LIFE beyond scope ... IS beyond hope
We look back on medieval theologians arguing about how many angels could dance on the head of a pin while princes and peasants killed one another in the name of God and we marvel at their appalling neglect of the REAL world around them. And yet contemporary neo-classical economists and the corrupt politicians who disingenuously chant their mantras will someday be regarded as engaging in an even more horrifying and destructive feat of existential miscreance.
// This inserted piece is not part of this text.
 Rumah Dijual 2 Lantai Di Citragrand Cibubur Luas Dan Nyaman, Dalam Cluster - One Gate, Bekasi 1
What has happened to their minds? They have disclaimed metaphysics and are blind to the REAL and PHYSICAL world around them. AN Whitehead explained it well:
"The study of philosophy is a voyage towards the larger generalities. For this reason in the infancy of science, when the main stress lay in the discovery of the most general ideas usefully applicable to the subject matter in question, philosophy was not sharply distinguished from science. To this day, a new science with any substantial novelty in its notions is considered to be in some way peculiarly philosophical. In their later stages, apart from occasional disturbances, most sciences accept without question the general notions in terms of which they develop. The main stress is laid on the adjustment and the direct verification of more special statements. In such periods scientists repudiate philosophy; Newton, justly satisfied with his physical principles, disclaimed metaphysics. The fate of Newtonian physics warns us that there is a development in scientific first principles, and that their original forms can only be saved by [narrow] interpretations of meaning and [pretended] limitations of their field of application ... interpretations and limitations unsuspected during the first period of successful employment."
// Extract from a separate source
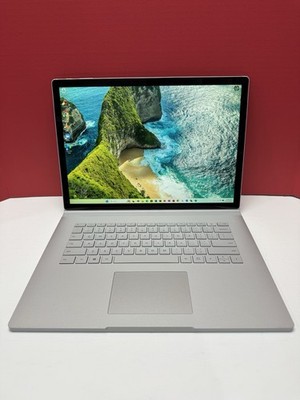 Microsoft Surface Book 3 15.5  10th  i7- 1.30GHz 16GB 256GB Windows 11pro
EF Schumacher affirmed the foolishness of substituting prevailing prejudices for eternal metaphysics:
"All philosophers - and others - have always paid a great deal of attention to ideas seen as the result of thought and observation; but in modern times all too little attention has been paid to the study of the ideas which form the very instruments by which thought and observation proceed. On the basis of experience and conscious thought small ideas may easily be dislodged, but when it comes to bigger, more universal, or more subtle ideas it may not be so easy to change them. Indeed, it is often difficult to become aware of them, as they are the instruments and not the results of our thinking - just as you can see what is outside you, but cannot easily see that with which you see, the eye itself. And even when one has become aware of them it is often impossible to judge them on the basis of ordinary experience. We often notice the existence of more or less fixed ideas in other people's minds - ideas with which they think without being aware of doing so. We then call them prejudices, which is logically quite correct because they have merely seeped into the mind and are in no way the result of a judgment ... ideas that are patently erroneous and recognisable as such by anyone except the prejudiced [wo]man."
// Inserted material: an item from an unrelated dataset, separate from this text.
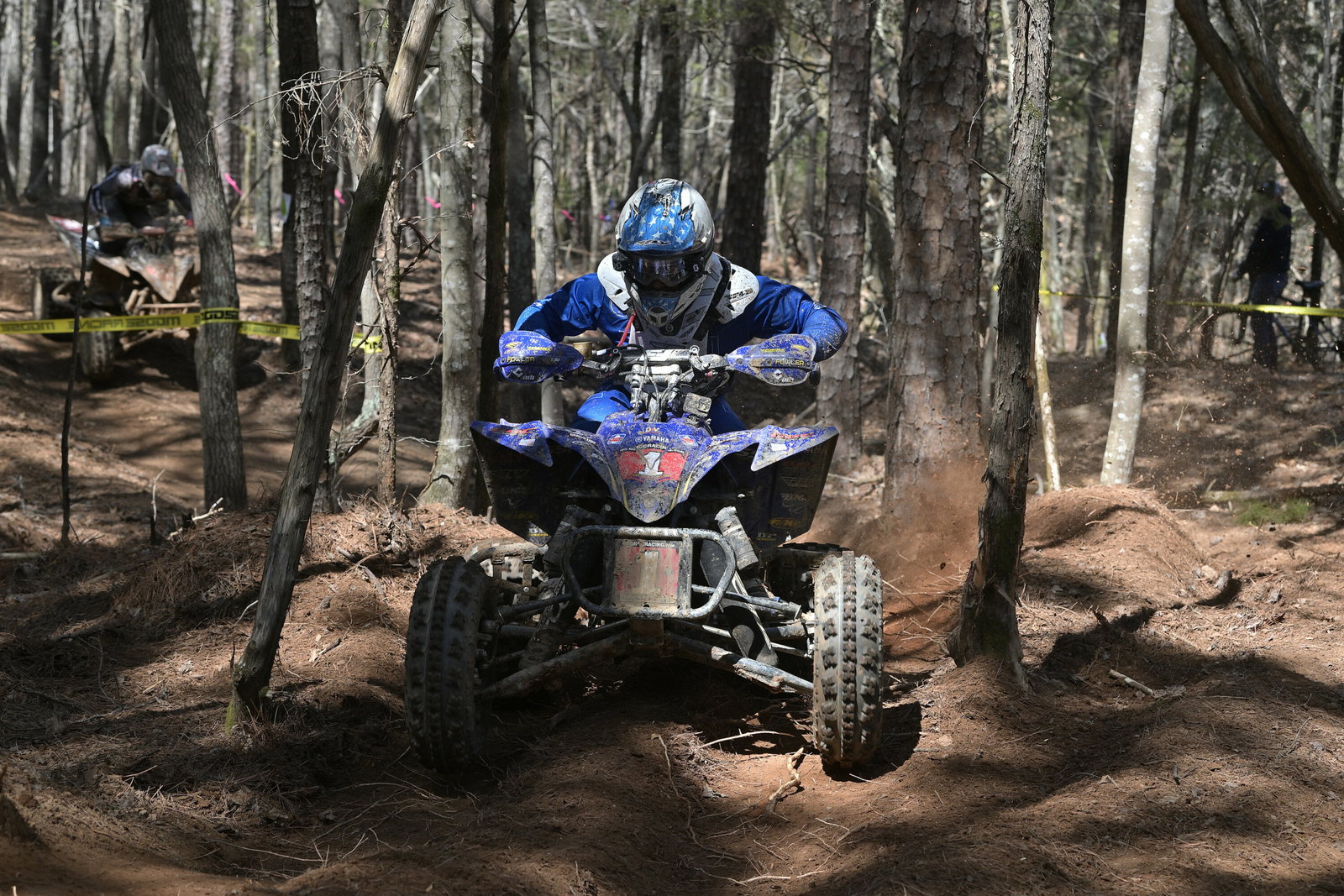 Yamaha Racing Rewind: 2022 Dunlop Tires Tiger Run GNCC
And so it is that contemporary neo-classical economists increasingly retreat from the rapidly approaching limits and threatening consequences of the REAL and PHYSICAL world they should be inhabiting to seek intellectualized and financialized comfort by closing their dimming eyes and arguing with one another by imagining life within the theoretical, quantitative confines of collapsing play houses which their noble ancestors [like Hayek] NEVER intended to become castles in which a foolish and immature progeny would hide to avoid and ignore NATURE.
PLAN for the ecosystem's hierarchy first ... then for competition
"There is in nature nothing to which the name of liberty could be given. The concept of freedom always refers to social relations between men. True, society cannot realize the illusory concept of the individual’s absolute independence. ... [but] government is not, as some people like to say, a necessary evil; it is not an evil, but a means, the only means available to make peaceful human coexistence possible. ... The ultimate end that men aim at by establishing government is to make possible the operation of a definite system of social cooperation under the principle of the division of labor." Mises, Liberty and Property
"I judge it to be piety, not to sacrifice many hecatombs of bulls to Him and to burn incense of innumerable perfumes and cassia, but first to learn myself, and afterwards to teach others too, how great He is in wisdom, how great in power, and of what sort in goodness. For to wish to adorn in every way possible the things that should receive adornment and to envy no thing its goods—this I put down as the sign of the greatest goodness." Galen, On the Use of Parts
And make CAPITAL compete with LABOR fairly
Common currency is a scale of values ... a "voting system"
"The market is a democracy in which every penny gives a right to vote."